Jenna Omassi is a fifth-year international relations student originally from Montréal. She has worked her way through the levels of student government and social life since arriving at UBC in second year. Having held positions such as president of the Arts Undergraduate Society and AMS VP Academic and University Affairs, she is now running for AMS president.
Describe your platform and what sets it apart from your opposition in a few sentences.
My platform focuses on three things: community, well-being and governance. In bringing together community, I want to ensure there is a strong support by the AMS for athletics as a whole — not just a few sports. University executive have committed to making well-being a foundation of their strategic plan when the new university president comes in. The AMS has made no real commitment except advocating for students. For better well-being and athletic facilities, we have a really cool opportunity with War Memorial Gym, with the Life Building [and] potentially, in the old SUB. And the last is supporting the hundreds of AMS staff and thousands of clubs members, so providing them with actual self care packs and ensuring there are policies in place to ensure that they are well.
The third and most important … is governance. We are going into a year where there is going to have to be implementation of an entire review of the society and the president will have to play a huge part in that, spearheading the implementation. We decided what was going to be in the [Nest] and never checked back with students to see what they wanted and haven’t really changed our offerings since we opened in September. So going back to students and seeing what they want because our businesses — mainly the Perch — have failed. And then the last piece on that is continuing to look at advocacy and developing a strategic plan for advocacy — we’ve never had one. But a strategy about how we as the AMS advocate in terms of the government and university is important so we have continuity.
The first thing that differentiates me is the vast amount of experience I have on this campus. I’ve been involved in the AMS for two years in very, very different ways. This year, as VP Academic and University Affairs, I’ve been both involved in advocacy with the university. I have also been involved in the inner workings of the society. I’ve gone to every advisory board of business and administrating meeting and contributed to business decisions.
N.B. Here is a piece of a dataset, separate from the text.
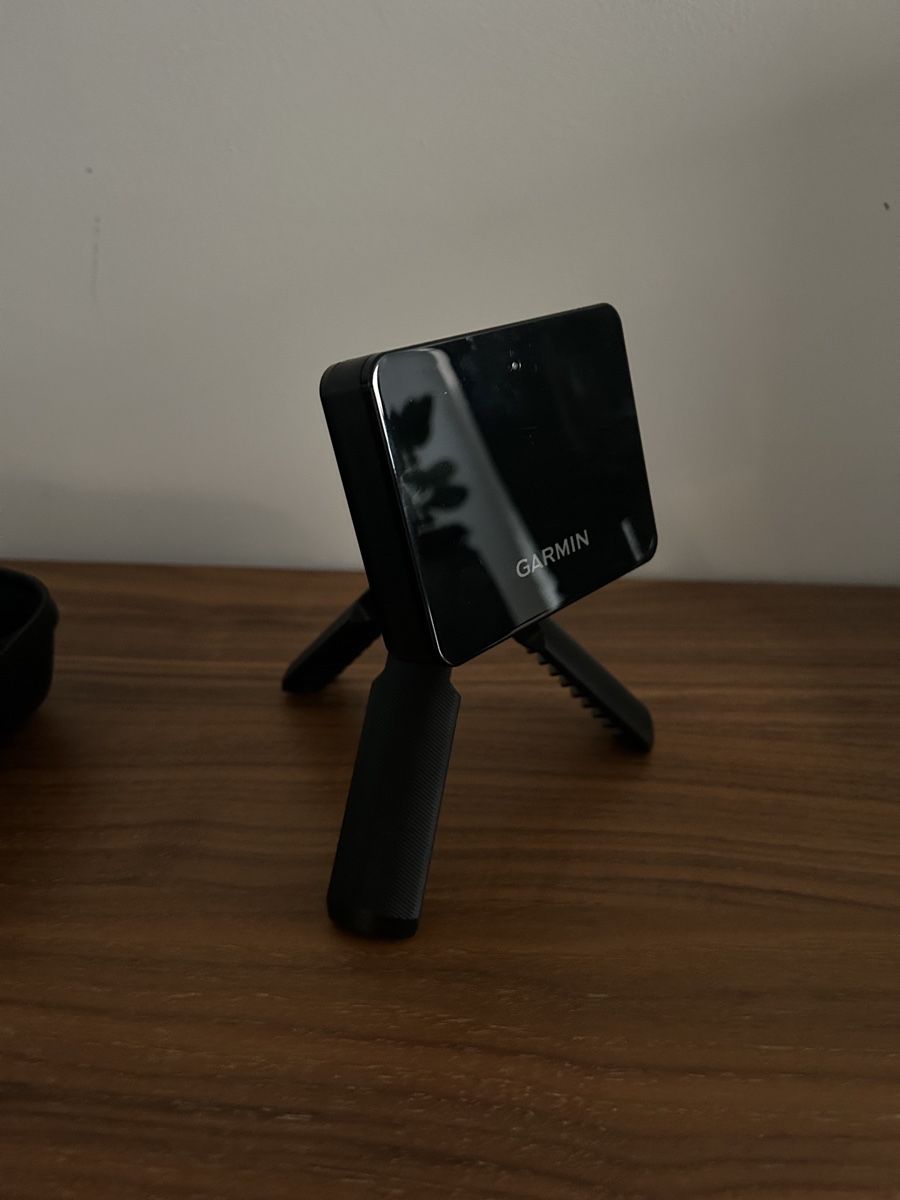 Garmin Misurare: Garmin Approach R10 – Usato da Bern venduto da thetaylor 2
I am the go-to person when it comes to policy [and] when it comes to questions about the university — I think that that is something that is important to the president. Beyond that, I am the only candidate who has tangible plans to carry out their promises and has proven that I can carry out the goals and promises I made to students. If you look at my platform from last year as VP Academic and University Affairs, if you look at my platform from AUS president, both times every single goal was carried out — minus one that had other circumstances at the AUS, one tiny one. I’m realistic, I’m hard working and I truly understand how to get things done and won’t promise things I can’t get done.
What are the challenges facing this position in the upcoming year?
I think the first is the implementation of the governance review. The last time we had a governance review was 20 years ago. The next governance review won’t be done for a while, so the changes this year will impact years and years and years of students — the way they engage with the AMS, even the positions we have in the AMS. The second, everyone knows, is the businesses. If the 420 referendum doesn’t pass, we are going to be in a $400,000 deficit, which means that there are going to have to be difficult decisions made both in terms of how much of a deficit we want to carry, what services we want to cut, what businesses need to shut and what we really need to do on the business side of the society.
What is one thing by your predecessor that you agreed with and one thing that you disagreed with?
[I] agreed [with] the way the president was involved in advocacy this year. As president, and this was noticed in the debates, you work with all of the executives. You have some projects, but ultimately you aren’t focused on one area. Perfect examples are Thunderbird Stadium and getting that for Block Party, and international tuition increases that happened essentially at the same time. The president stepped in to do a lot of the campaign and engagement planning of a lot of those campaigns while the VP Academic and University Affairs, myself, worked on everything in the background. I think athletics is one of those things [I disagree with]. We had a lot of challenges working with Athletics this year. I completely understand the reason the focus of the AMS was with football, but the AMS has the capacity to support at least one game per team, including women’s teams.
Who is the most important body or person you need to collaborate with in this position, and how will you foster a relationship with them?
The most important person I collaborate with is someone I work closely with already who is Louise Cowin, the VP Students, and she’s just been reappointed. Louise is the best advocate for students on this campus besides the AMS and works to support the AMS with everything we do and works to support students more generally.
What is the weakest part of your campaign or platform?
I have worked really closely with those groups and making sure they have the groundwork. As AUS president, I worked really closely with VP Student Life, but ultimately I’ve never been seen as a student life person — I’ve been seen much more of advocacy, internal administration person. I don’t think I can’t do it. I know that I can. I used to and so I think it’s not actually as important as people might think for the president to be a student life focused person. That’s why we have an events department, a communications department and a VP Administration. I think that ... will be, and has been, perceived to be my weakest link — that I’m not a student life person.
This article has been edited and condensed for clarity.